Your assignment | The records that follow must be repeated exactly, minus the images.

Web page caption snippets
****************************************

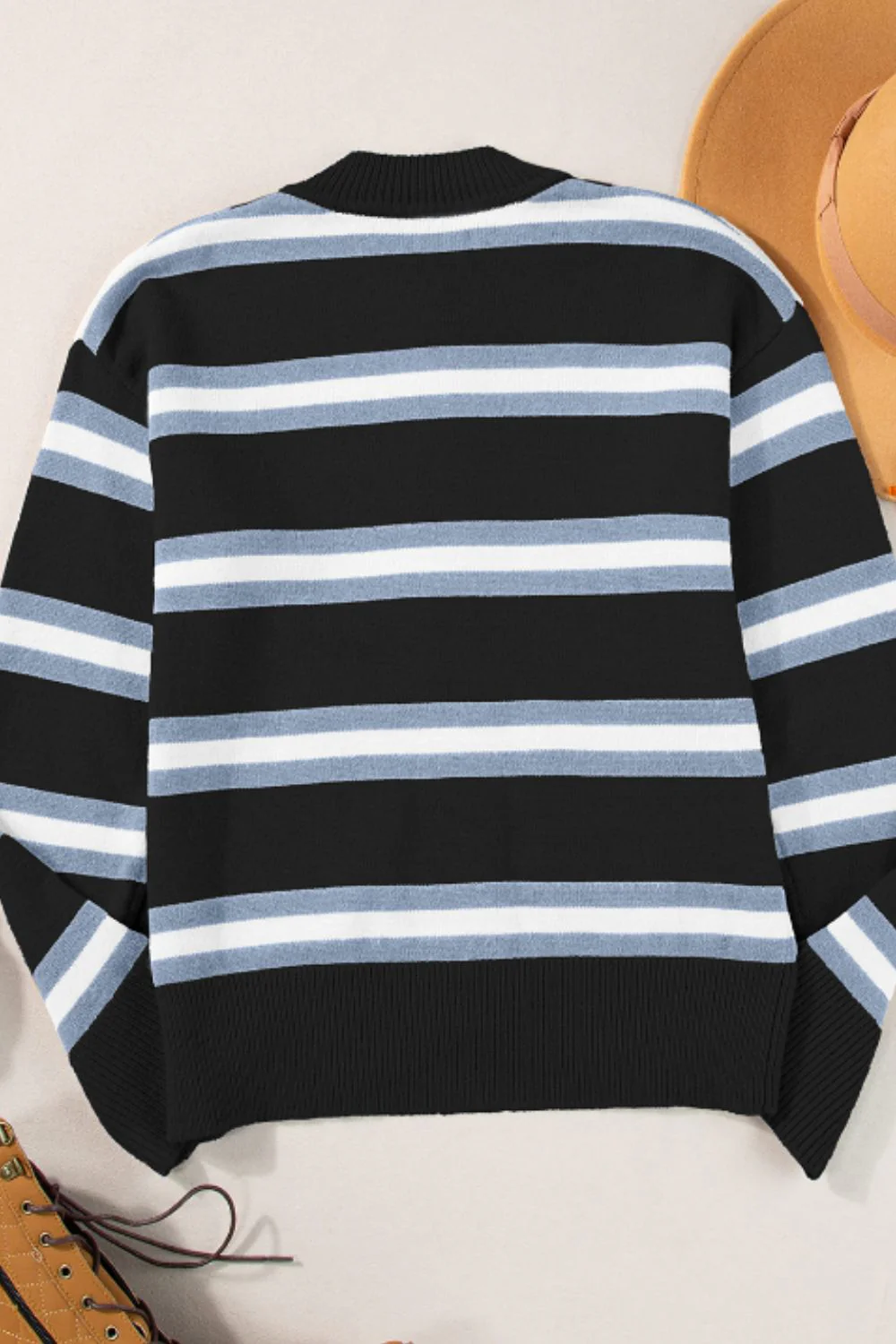 Striped Button Down Long Sleeve Cardigan - Image 19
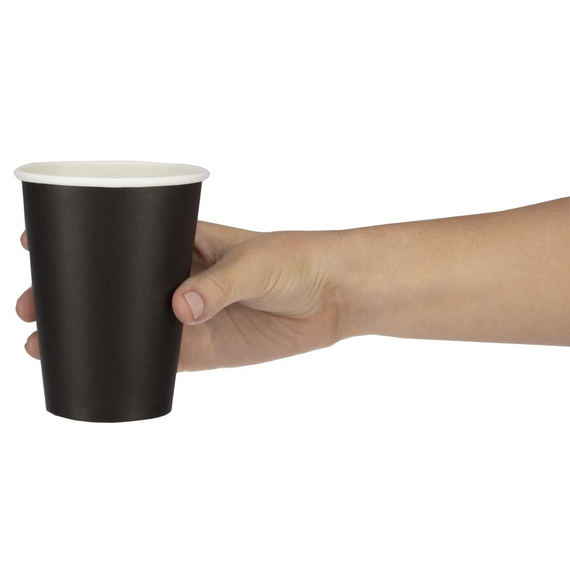 Fiesta Recyclable Coffee To Go Becher 340ml schwarz x1000 (1000 Stück), Bild 5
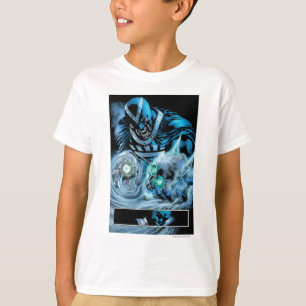 Camiseta Mão preta com painel do crânio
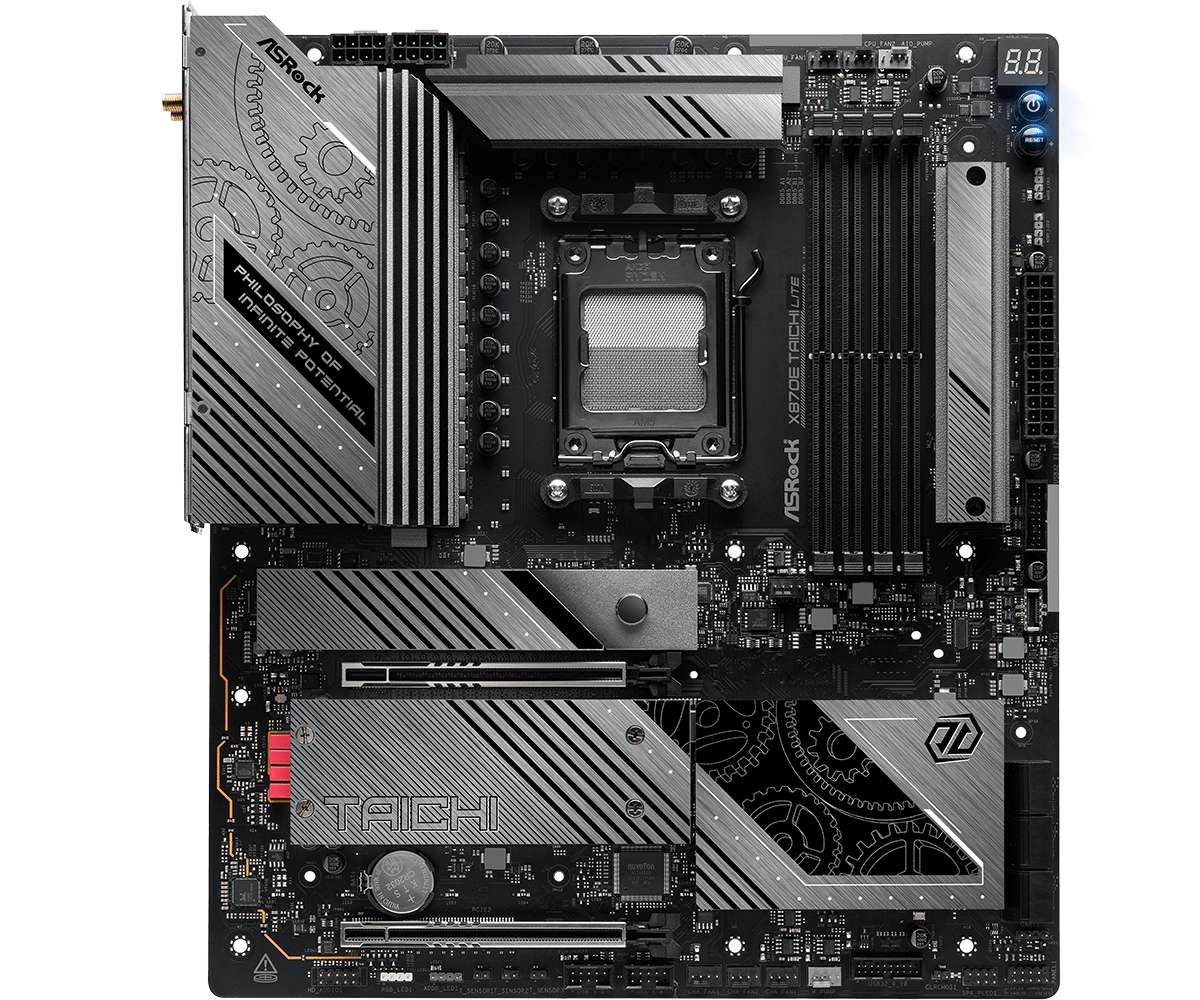 ASRock X870E Taichi Lite AMD AM5 Socket Gaming Motherboard | - Vektra Computers LLC ASRock X870E Taichi Lite AMD AM5 Socket Gaming Motherboard | - Vektra Computers LLC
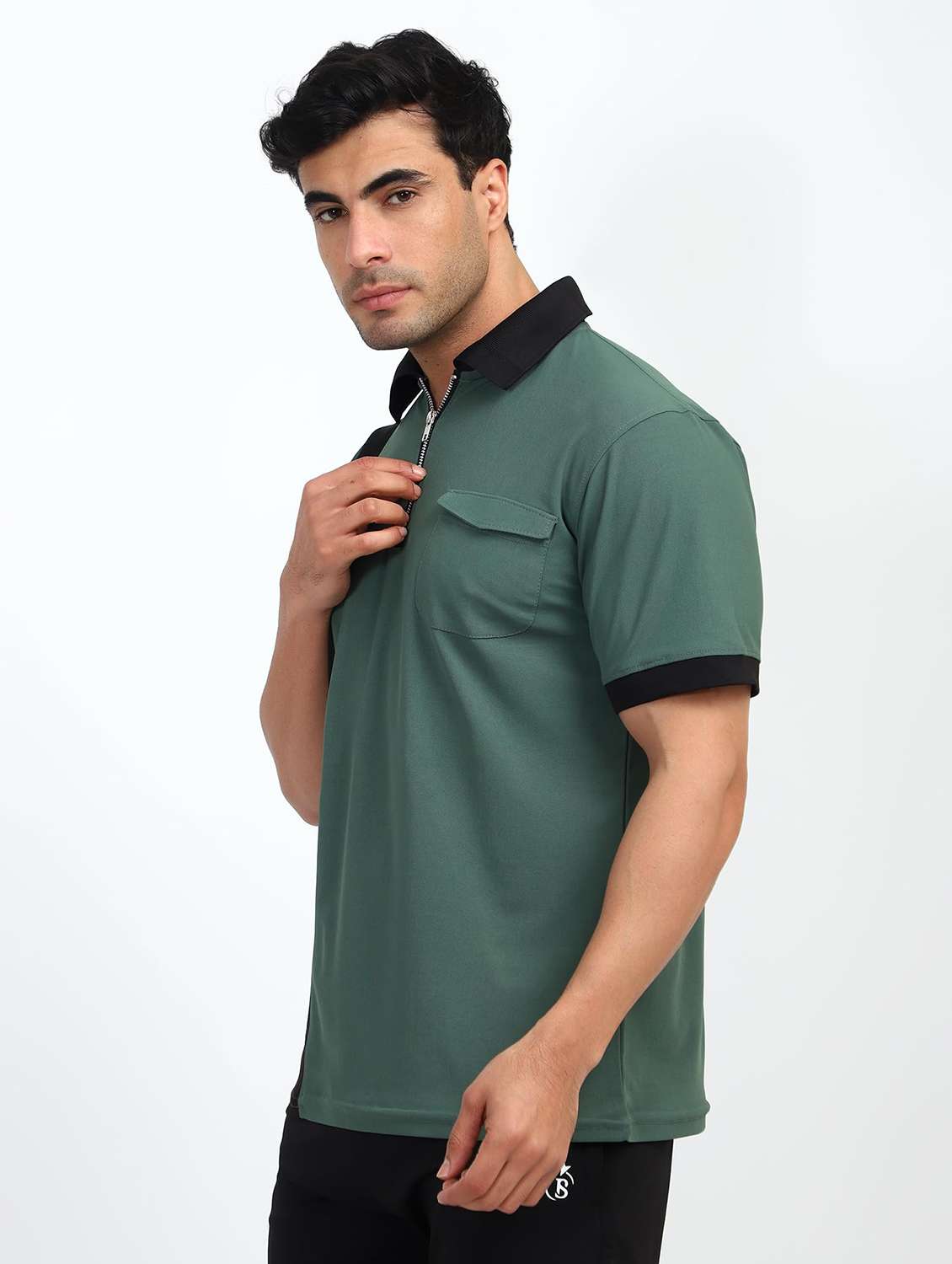 men taped short sleeves polo t-shirt - 22615406 -  Standard Image - 2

****************************************

Response below |
 Striped Button Down Long Sleeve Cardigan - Image 19
 Fiesta Recyclable Coffee To Go Becher 340ml schwarz x1000 (1000 Stück), Bild 5
 Camiseta Mão preta com painel do crânio
 ASRock X870E Taichi Lite AMD AM5 Socket Gaming Motherboard | - Vektra Computers LLC ASRock X870E Taichi Lite AMD AM5 Socket Gaming Motherboard | - Vektra Computers LLC
 men taped short sleeves polo t-shirt - 22615406 -  Standard Image - 2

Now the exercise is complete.